What to produce ▸ Set down, exactly and with no pictures, the line that contains "Sierra circular eléctrica" and all lines after it in the listing.

++++ Collected data ++++

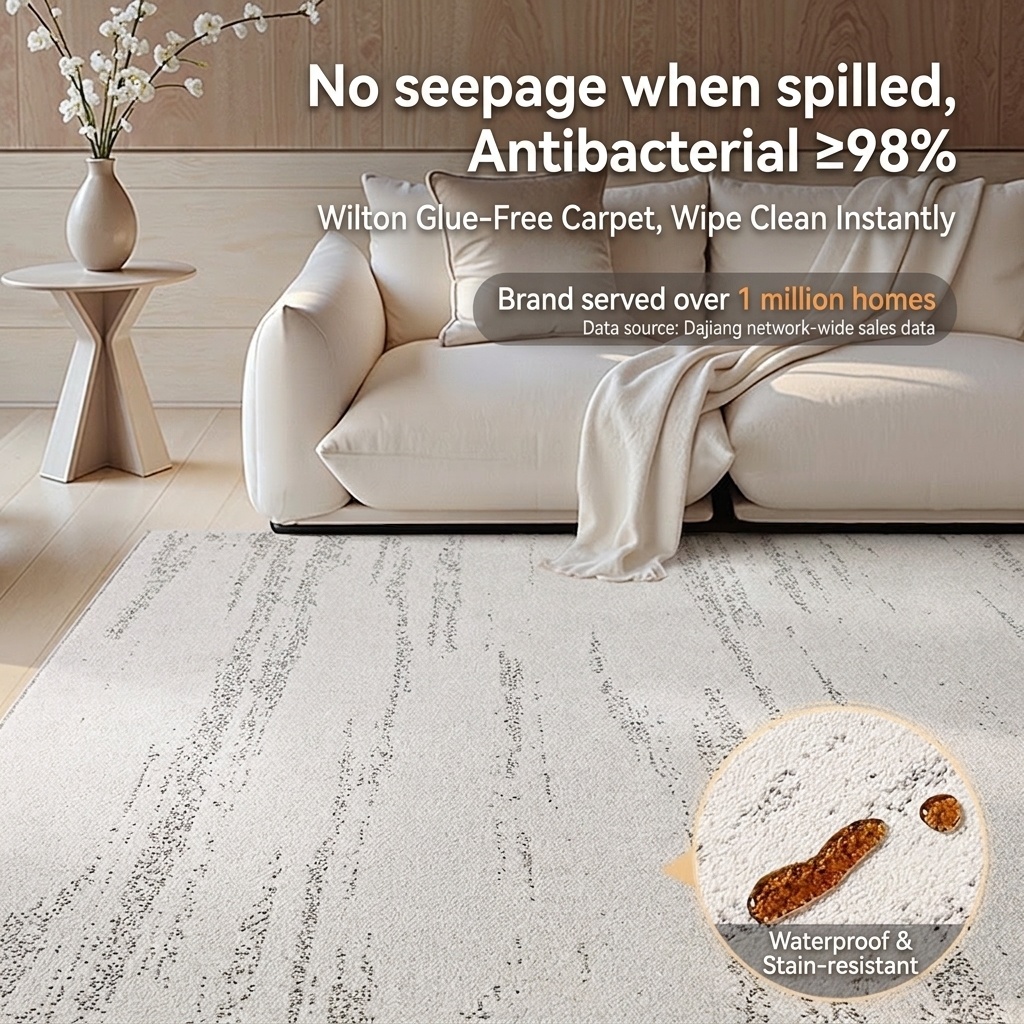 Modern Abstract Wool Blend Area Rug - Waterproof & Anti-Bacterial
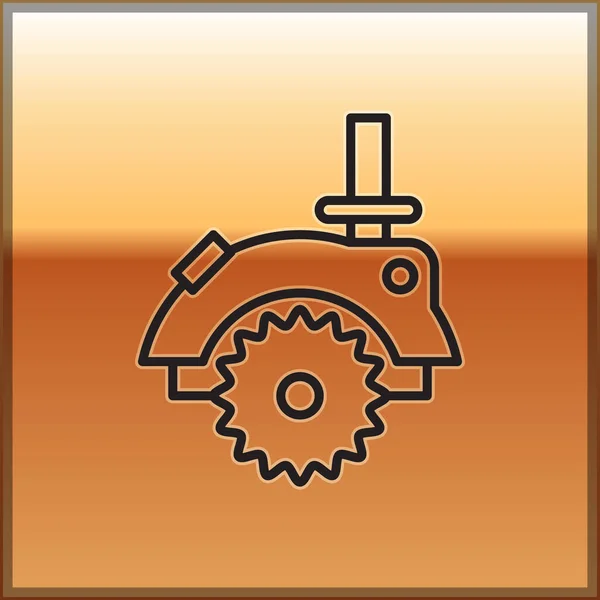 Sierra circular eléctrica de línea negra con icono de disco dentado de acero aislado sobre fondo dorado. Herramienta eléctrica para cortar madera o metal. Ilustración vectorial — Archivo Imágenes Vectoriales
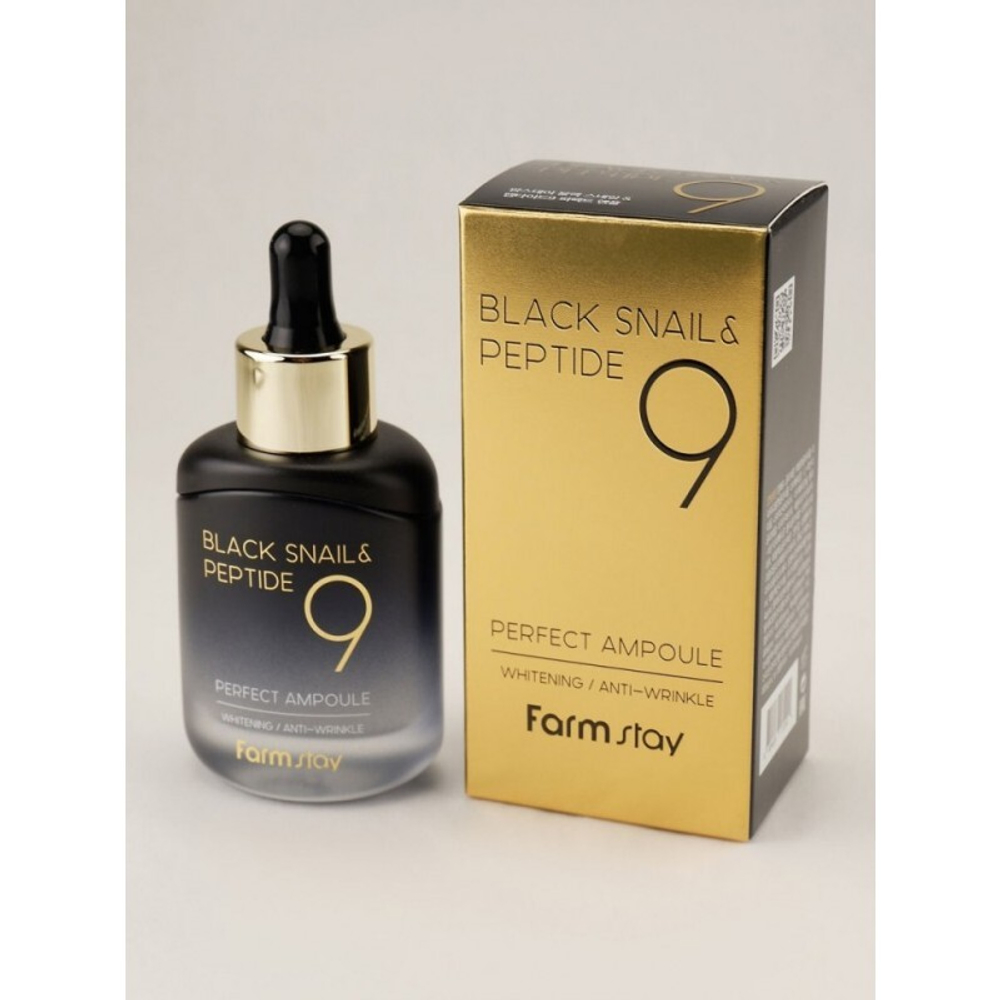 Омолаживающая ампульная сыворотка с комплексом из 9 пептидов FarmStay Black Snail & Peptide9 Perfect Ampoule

++++

Exercise answer ▸
 Sierra circular eléctrica de línea negra con icono de disco dentado de acero aislado sobre fondo dorado. Herramienta eléctrica para cortar madera o metal. Ilustración vectorial — Archivo Imágenes Vectoriales
 Омолаживающая ампульная сыворотка с комплексом из 9 пептидов FarmStay Black Snail & Peptide9 Perfect Ampoule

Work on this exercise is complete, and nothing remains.